Zugleich warf er dem Großteil seiner Kollegen vor, sich nicht kritisch mit dem Islam auseinanderzusetzen. "Die ziehen dann halt den Schwanz ein. Sonst wäre man ja "islamophob"." Angst habe er nicht. "Ich beleidige ja auch weder die Religion noch den Propheten."

Beschwerdeführer Toka sagte der "NOZ", Nuhrs Kritik sei verletzend. Die Tageszeitung "Welt" (Samstag) zitiert Toka mit dem Vorwurf, Nuhr betreibe "blöde, dumme Hetze gegen eine Minderheit". Bei einem Auftritt Nuhrs am Samstagabend in Osnabrück demonstrierten rund 25 Menschen vor der Halle gegen die Äußerungen des Kabarettisten. Nach Angaben der Polizei blieb die Kundgebung friedlich.

Nicht nur Toka kritisiert den Kabarettisten. Der Migrationswissenschaftler Klaus J. Bade sagte der "Welt": "Da verwechselt einer den Islam mit dem Islamischen Staat". Pauschale Diffamierungen anstelle von Differenzierungen würden nur neue Schreckensbilder schaffen. Nuhr hatte in der "Frankfurter Allgemeinen Zeitung" 2011 unter anderem geschrieben, dass dem Islam Toleranz fremd sei. Nuhrs Anhänger unterstützten ihn auf seine Facebook-Seite.

Nuhr - ein Lehrer mit Wortwitz

Mit Wortwitz und zahlreichen TV-Auftritten ist Dieter Nuhr zu einem der erfolgreichsten deutschen Kabarettisten geworden.
Der studierte Lehrer für Kunst und Geschichte tritt seit 1994 mit Soloprogrammen landesweit auf.

Geboren am 29. Oktober 1960 in Wesel (Nordrhein-Westfalen) und aufgewachsen in Düsseldorf, machte vor allem seine humorvolle Begleitung mehrerer Großereignisse - wie der Fußball-Weltmeisterschaften 1998 und 2002 im ZDF - den heute 53-Jährigen einem breiten Publikum bekannt.
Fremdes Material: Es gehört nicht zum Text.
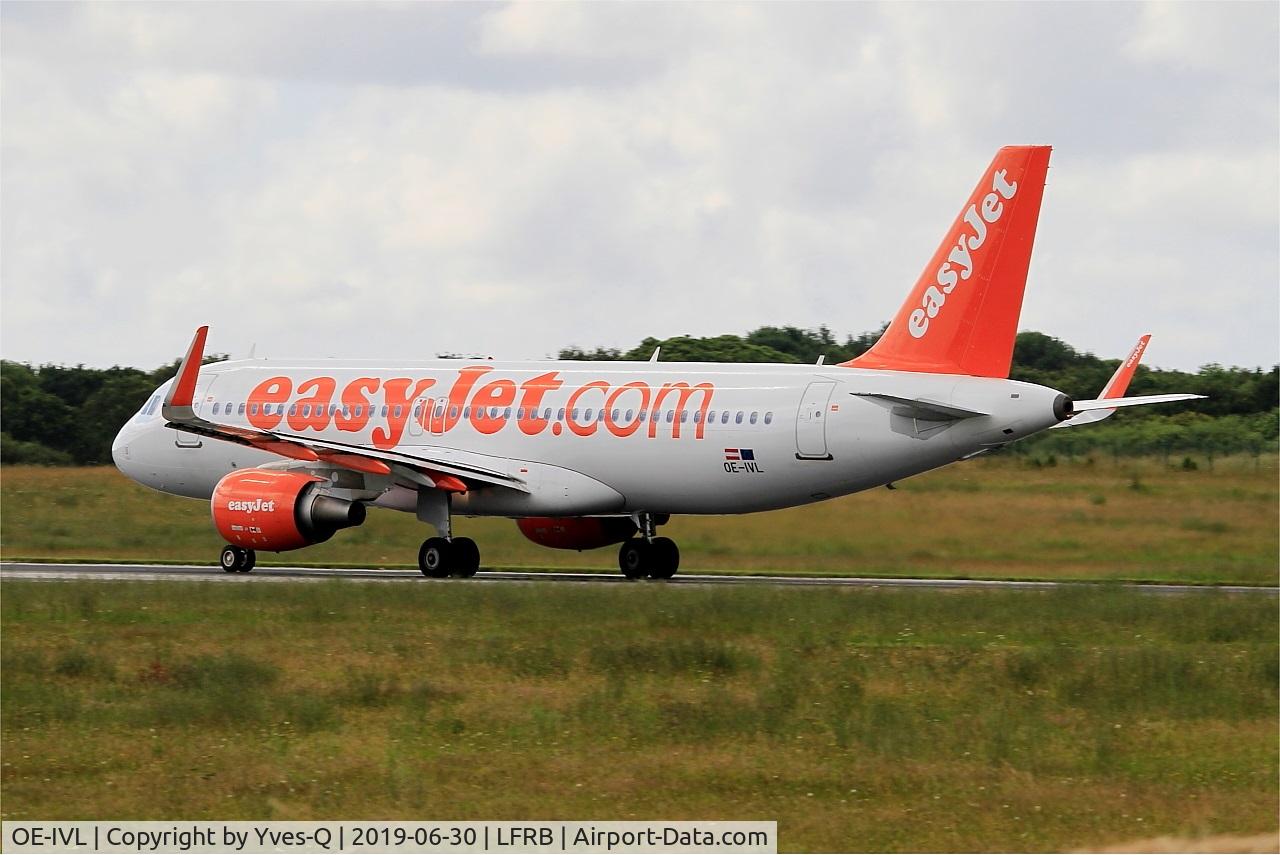 OE-IVL, 2014 Airbus A320-214 C/N 6188, Airbus A320-214, Take off run rwy 25L, Brest-Bretagne airport (LFRB-BES)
In Erinnerung blieb besonders sein Spruch: "Bei der Fußball-WM habe ich mir Österreich gegen Kamerun angeschaut. Auf der einen Seite Exoten, fremde Kultur, wilde Riten - und auf der anderen Seite Kamerun."

Nuhr ist bisher der einzige Künstler, der sowohl den deutschen Kleinkunstpreis in der Sparte Kabarett als auch den Deutschen Comedypreis als bester Live-Act gewonnen hat. Ausgezeichnet wurde der verheiratete Vater einer Tochter auch wegen seines Einsatzes für die deutsche Sprache. "Er bringt seinem Publikum auch Sprachkritik nahe und regt es an, über die Wirkung von Sprache nachzudenken", begründete die Jury des renommierten Jacob-Grimm-Preises in Kassel kürzlich die Verleihung an Nuhr.

Der Künstler tritt auch als Fotograf und Autor auf. Er hat mehrere Fernsehsendungen moderiert. Ein Ende ist seiner offiziellen Biografie zufolge nicht in Sicht: "Nuhr will mindestens 120 werden, da er davon ausgeht, dass es bis dahin für alles Ersatzteile gibt", heißt es dort.